### Description of the task
What you write must match, character for character, the lines from the one with "CRCW 416 - ENTRY" down to the one with "pre wedding photoshoot" in the listing below, minus its pictures.

### Provided data
= Beginning of Section =

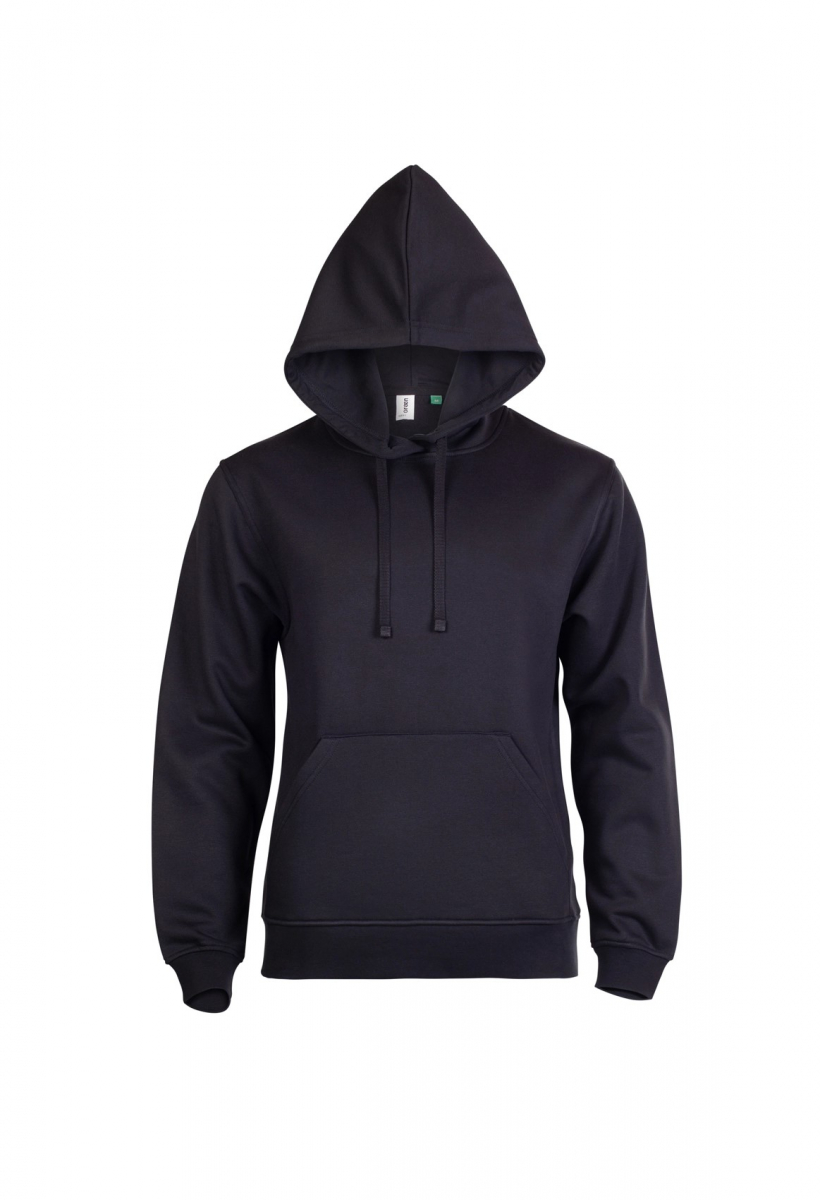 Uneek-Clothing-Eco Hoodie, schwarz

= End of Section =
= Beginning of Section =

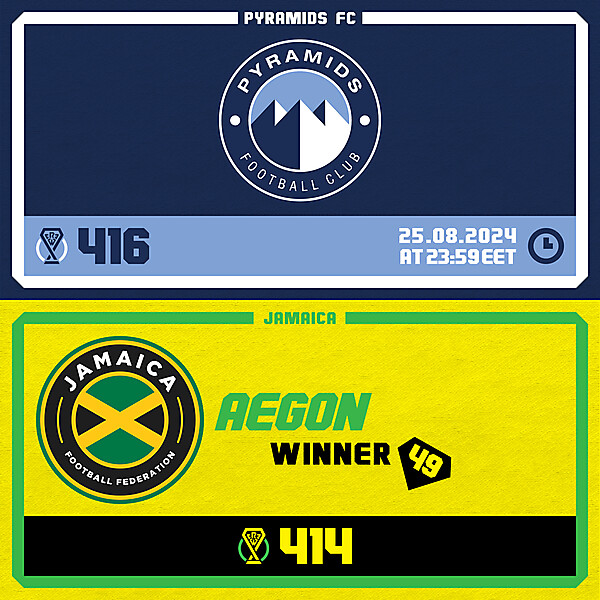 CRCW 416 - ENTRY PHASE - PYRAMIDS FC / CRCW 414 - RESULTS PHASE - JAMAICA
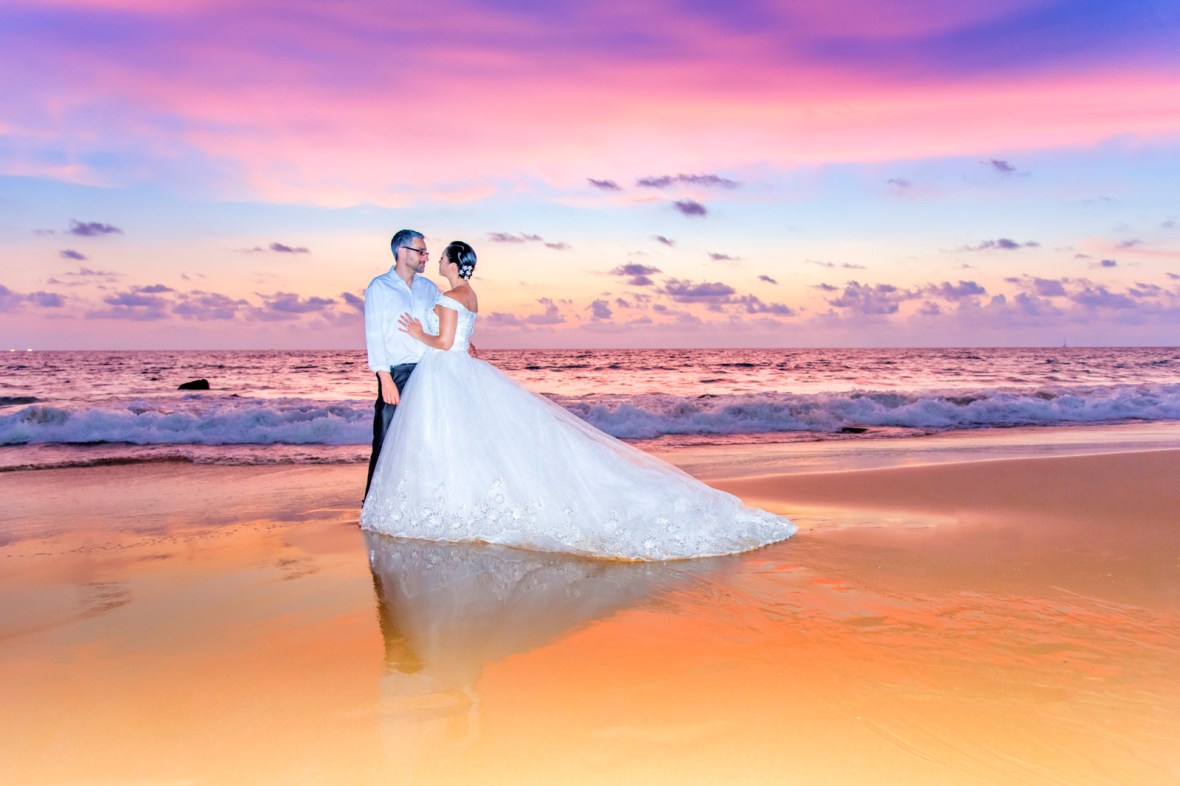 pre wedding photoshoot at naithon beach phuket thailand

= End of Section =

### Answer for this exercise
 CRCW 416 - ENTRY PHASE - PYRAMIDS FC / CRCW 414 - RESULTS PHASE - JAMAICA
 pre wedding photoshoot at naithon beach phuket thailand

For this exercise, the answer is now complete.